• Exercise instructions: Leave the pictures out, and repeat exactly each line from the one that holds "сколько стоит Инза" through the final line of the entries below.

Brief descriptive captions:
Segment Open

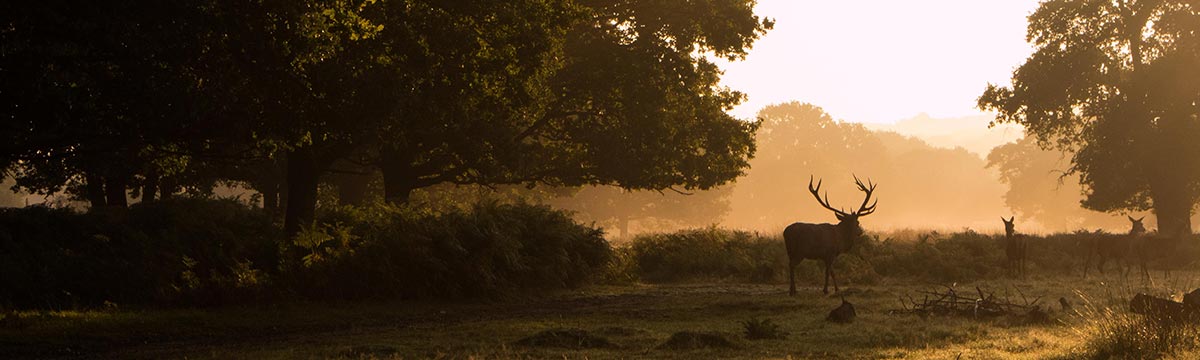 Deer in Richmond Park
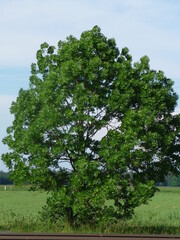 Fototapeta premium NatureBoy. Bäume dieser Welt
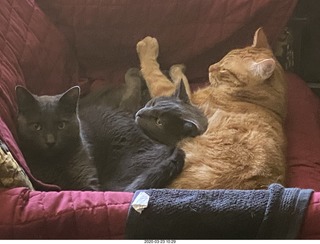 Argentina - San Juan - shopping for chairs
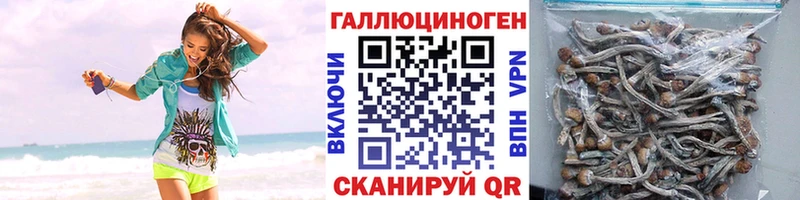 сколько стоит Инза Псилоцибиновые грибы мухоморы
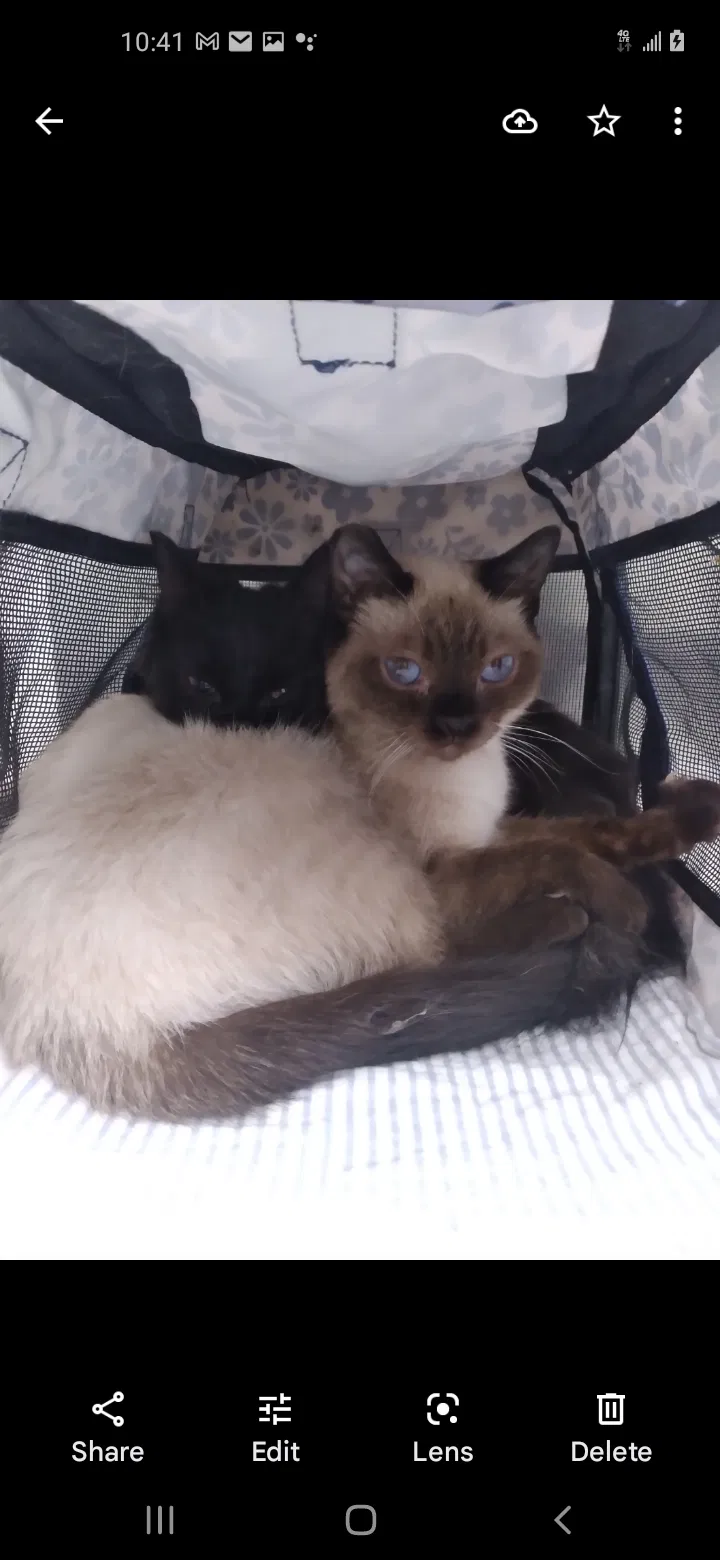Lost cat in Las Vegas, NV, 89104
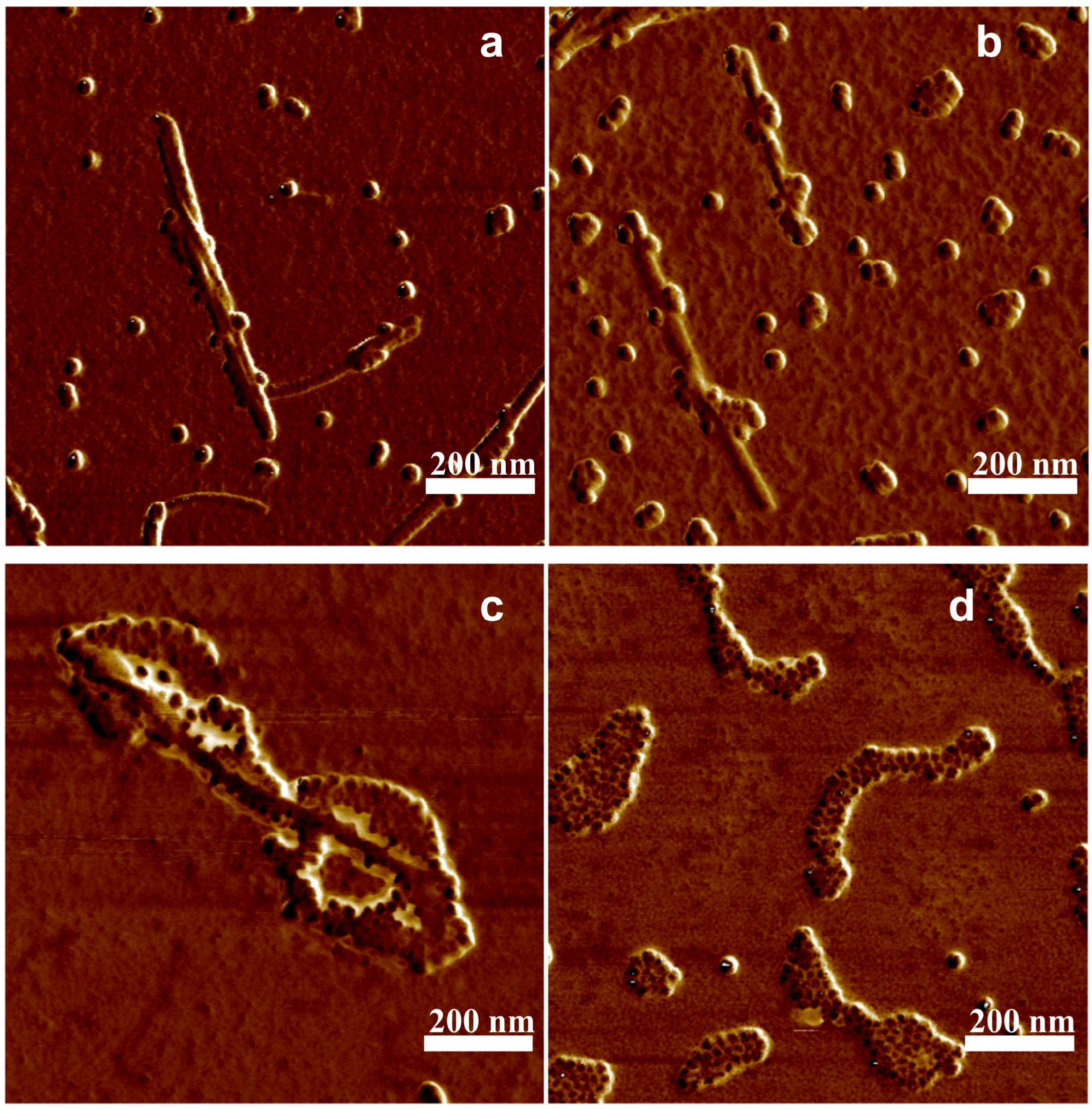 Nanomaterials 09 00037 g005 Nanomaterials 09 00037 g005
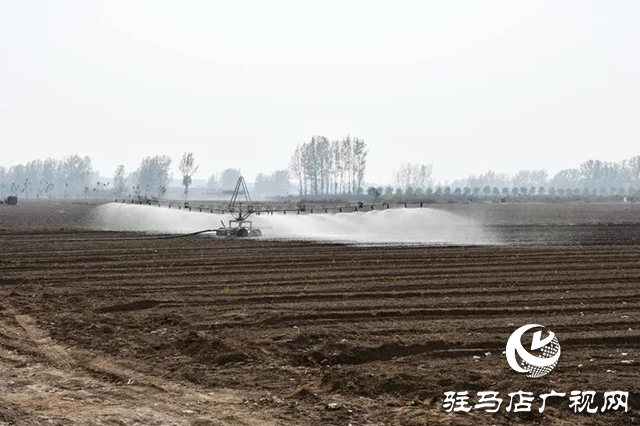 遂平縣：實施節水灌溉 全力補水保苗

Segment Closed

• Exercise result:
 сколько стоит Инза Псилоцибиновые грибы мухоморы
Lost cat in Las Vegas, NV, 89104
 Nanomaterials 09 00037 g005 Nanomaterials 09 00037 g005
 遂平縣：實施節水灌溉 全力補水保苗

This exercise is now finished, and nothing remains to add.